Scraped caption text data
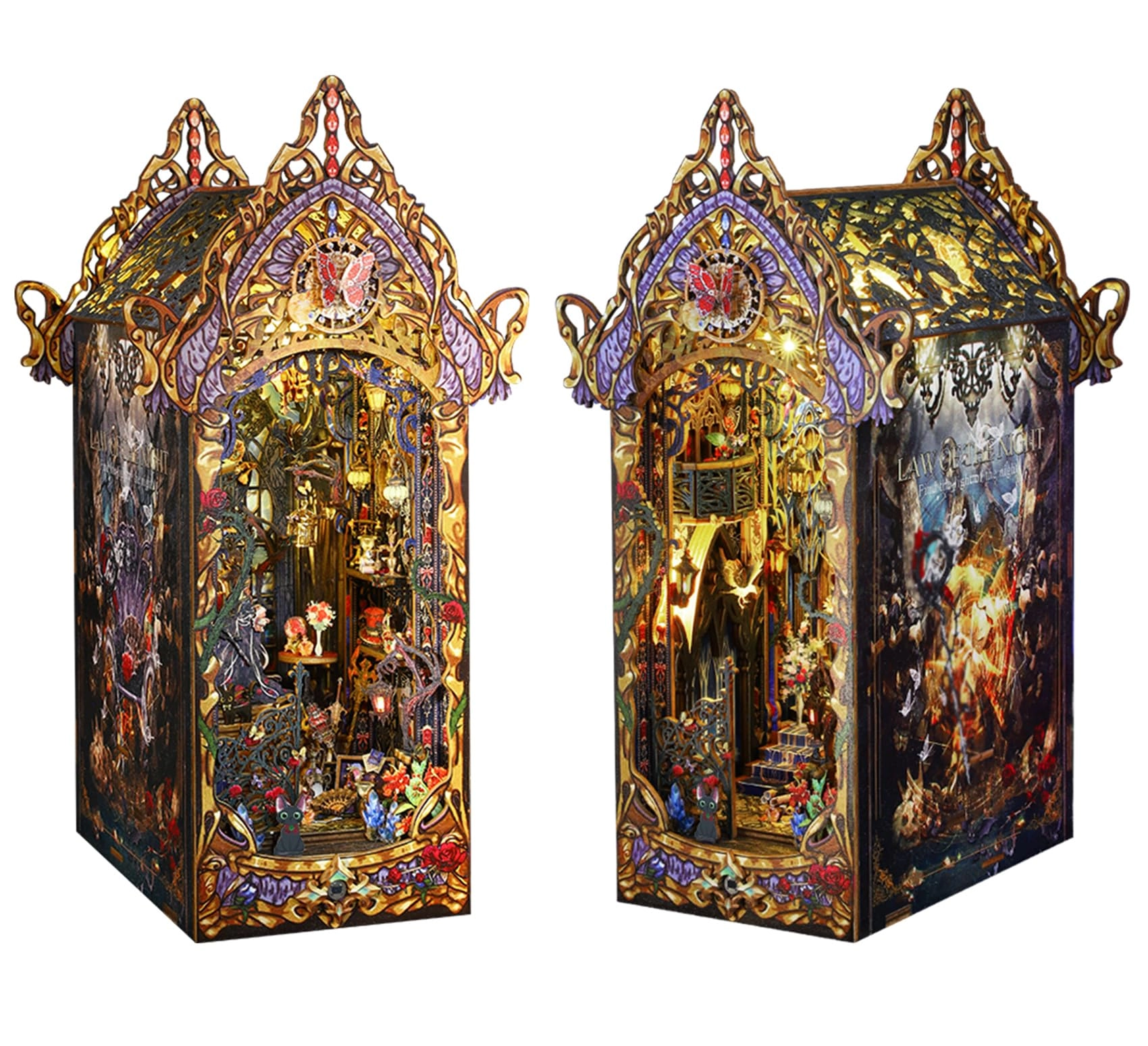 Flever Book Nook Miniature Kit - Law of The Night 1:12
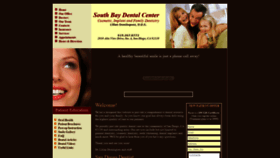 What Southbaydentalcenter.com website looked like in 2019 (4 years ago)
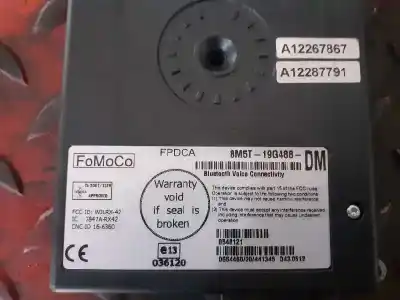 Second-hand car spare part electronic module for ford fiesta (cb1) ambiente oem iam references 8m5t19g488dm 15a216304 0660081953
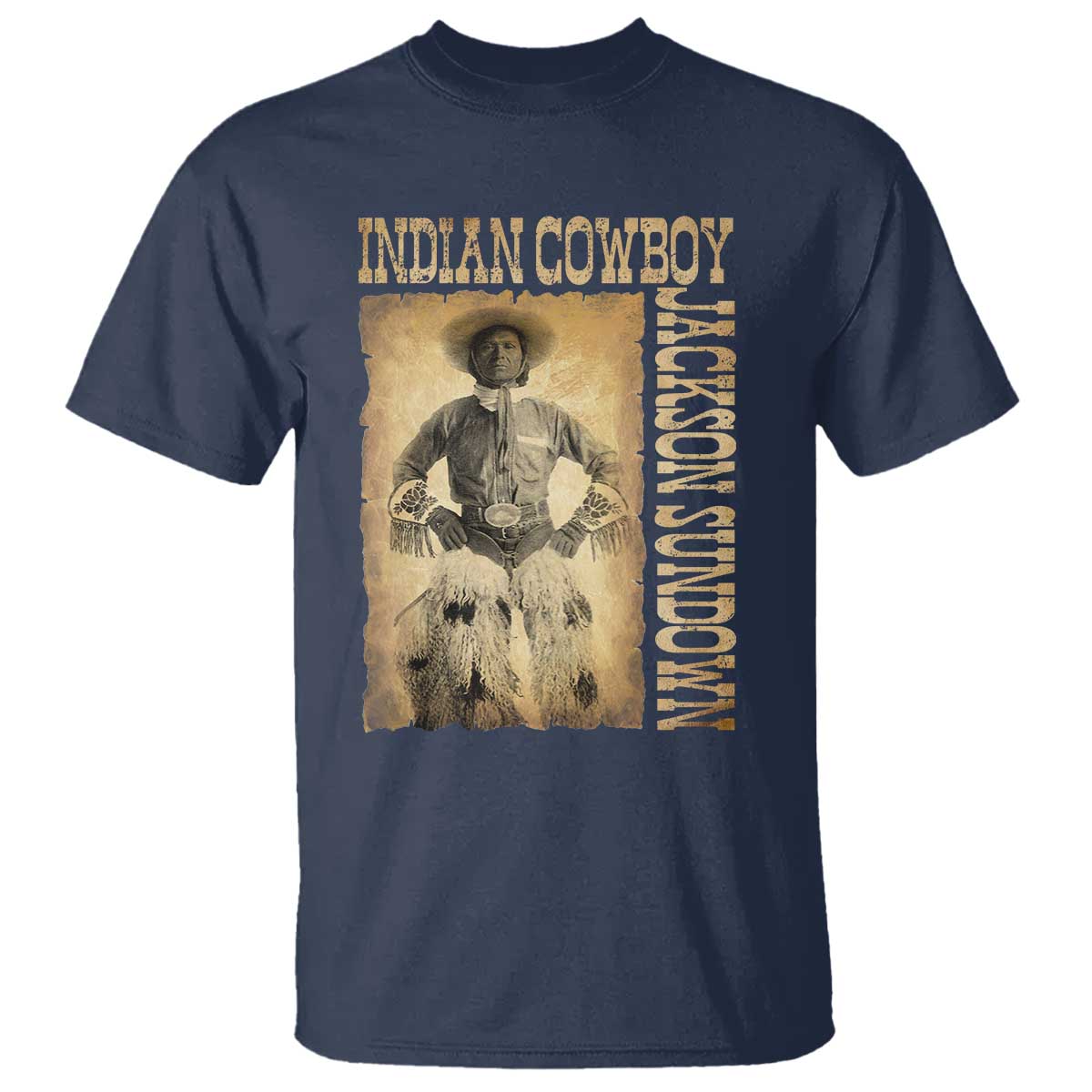 Jackson Sundown T Shirt Native American Cowboy Vintage Western - Wonder Print Shop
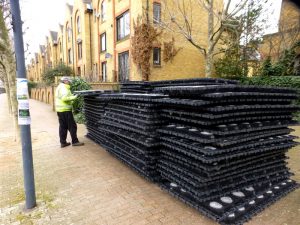 Stack of BioHaven rafts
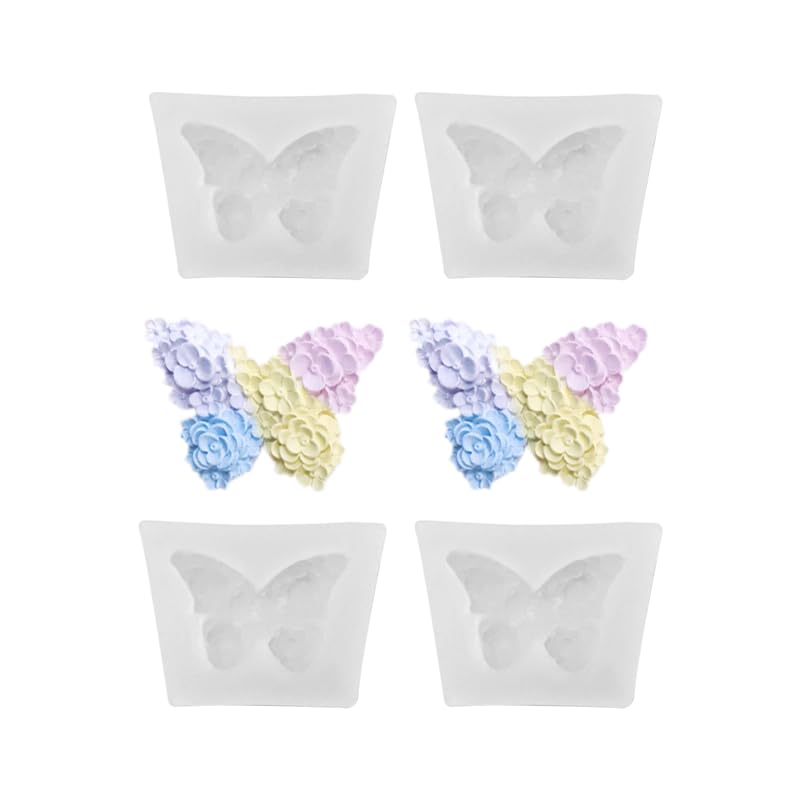 4 Stampi In Silicone A Forma Di Farfalla - Per Resina, Sapone, Candele E Decorazioni Fai-Da-Te - Foto 3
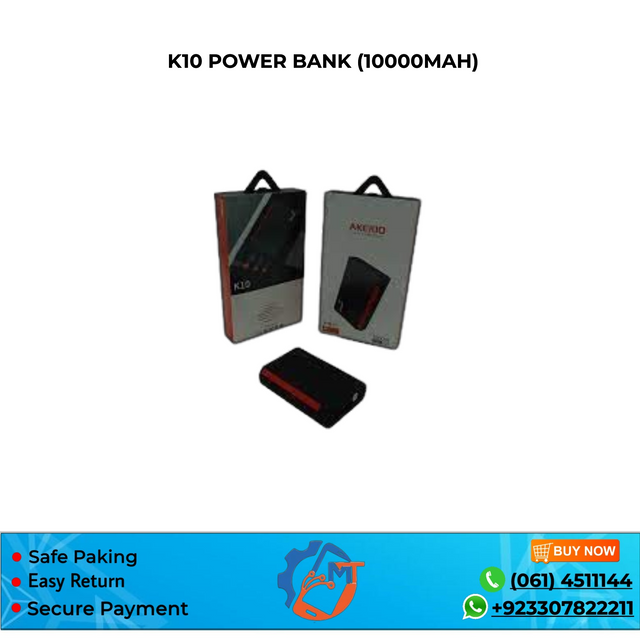 K10 POWER BANK (10000MAH)
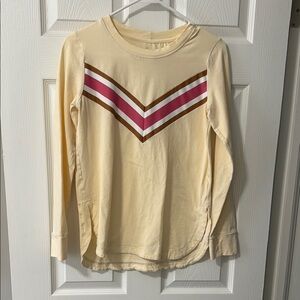 Cream and Pink Long Sleeve Tee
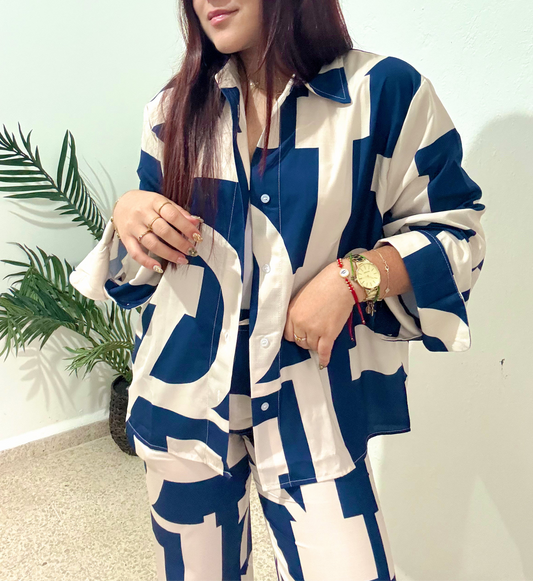 BLUE & IVORY SET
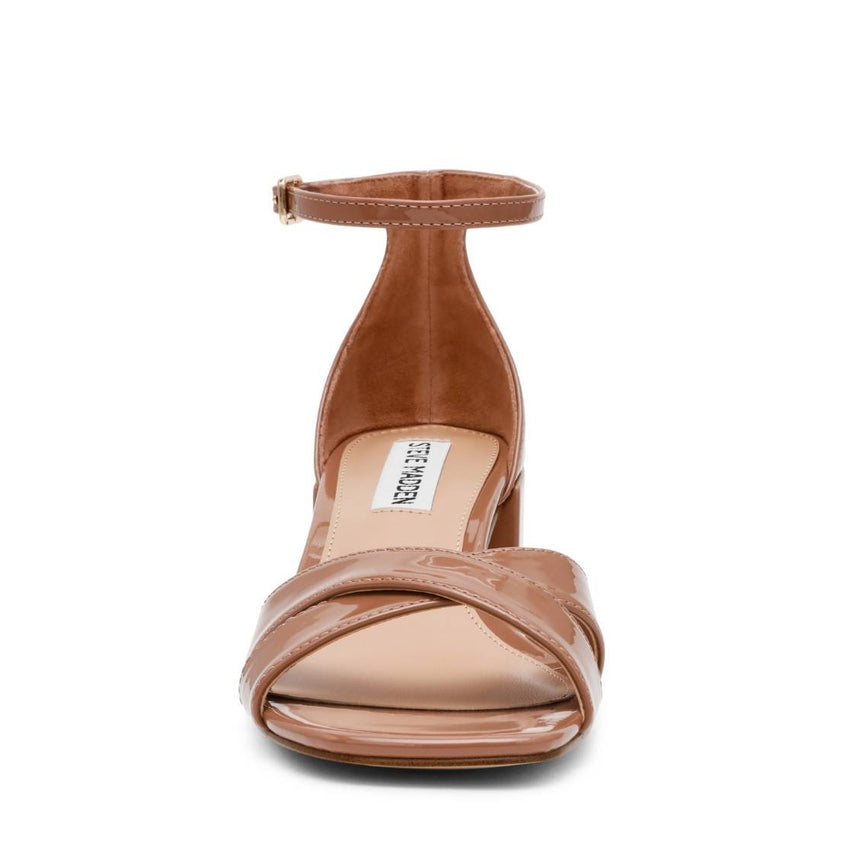 Fergie Camel Patent Tacones Abiertos Para Mujer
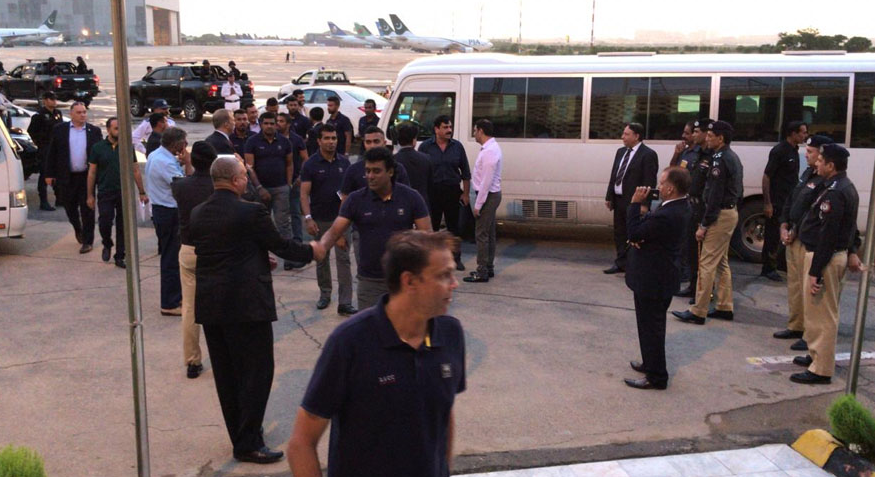 Sri Lankan team arrived Pakistan amid beefed up security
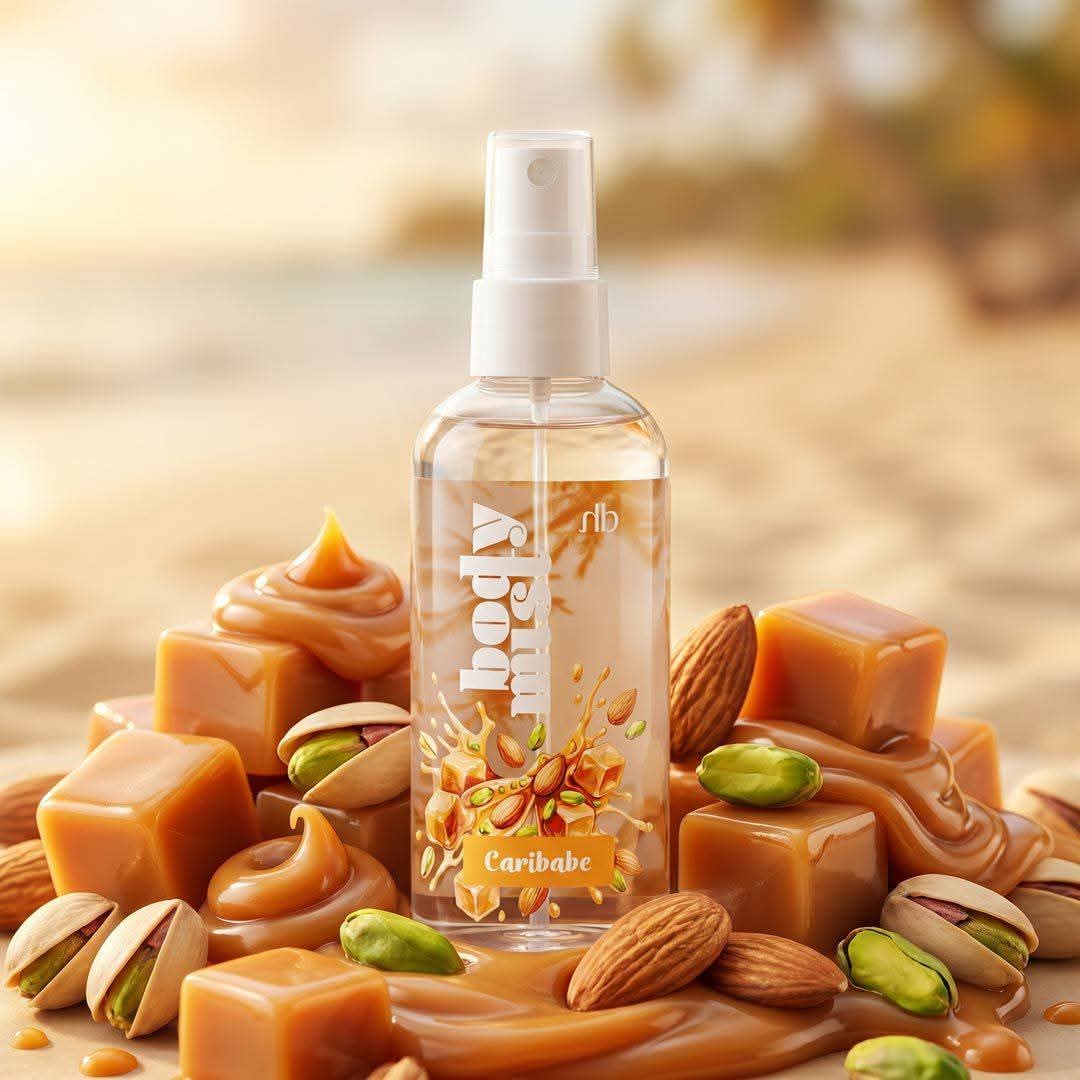 Caribabe - Halbea Bodyspray Körperspray - Vanille Karamell Duft 150ml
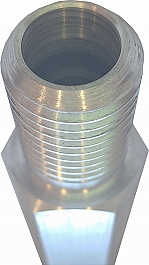 Наружная резьба шестигранных алюминиевых удлинителей для алмазной коронки Kern 1 1/4 UNC, 300 мм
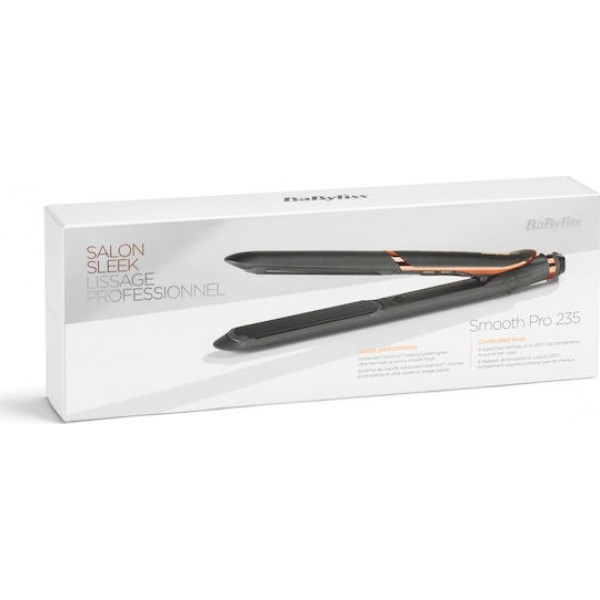 Babyliss Smooth Pro ST394E Πρέσα Μαλλιών με Κεραμικές Πλάκες Ionic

> [Work request]: Could each line of the data be written out exactly, with no pictures included?

> [Task response]:
 Flever Book Nook Miniature Kit - Law of The Night 1:12
 What Southbaydentalcenter.com website looked like in 2019 (4 years ago)
 Second-hand car spare part electronic module for ford fiesta (cb1) ambiente oem iam references 8m5t19g488dm 15a216304 0660081953
 Jackson Sundown T Shirt Native American Cowboy Vintage Western - Wonder Print Shop
 Stack of BioHaven rafts
 4 Stampi In Silicone A Forma Di Farfalla - Per Resina, Sapone, Candele E Decorazioni Fai-Da-Te - Foto 3
 K10 POWER BANK (10000MAH)
 Cream and Pink Long Sleeve Tee
 BLUE & IVORY SET
 Fergie Camel Patent Tacones Abiertos Para Mujer
 Sri Lankan team arrived Pakistan amid beefed up security
 Caribabe - Halbea Bodyspray Körperspray - Vanille Karamell Duft 150ml
 Наружная резьба шестигранных алюминиевых удлинителей для алмазной коронки Kern 1 1/4 UNC, 300 мм
 Babyliss Smooth Pro ST394E Πρέσα Μαλλιών με Κεραμικές Πλάκες Ionic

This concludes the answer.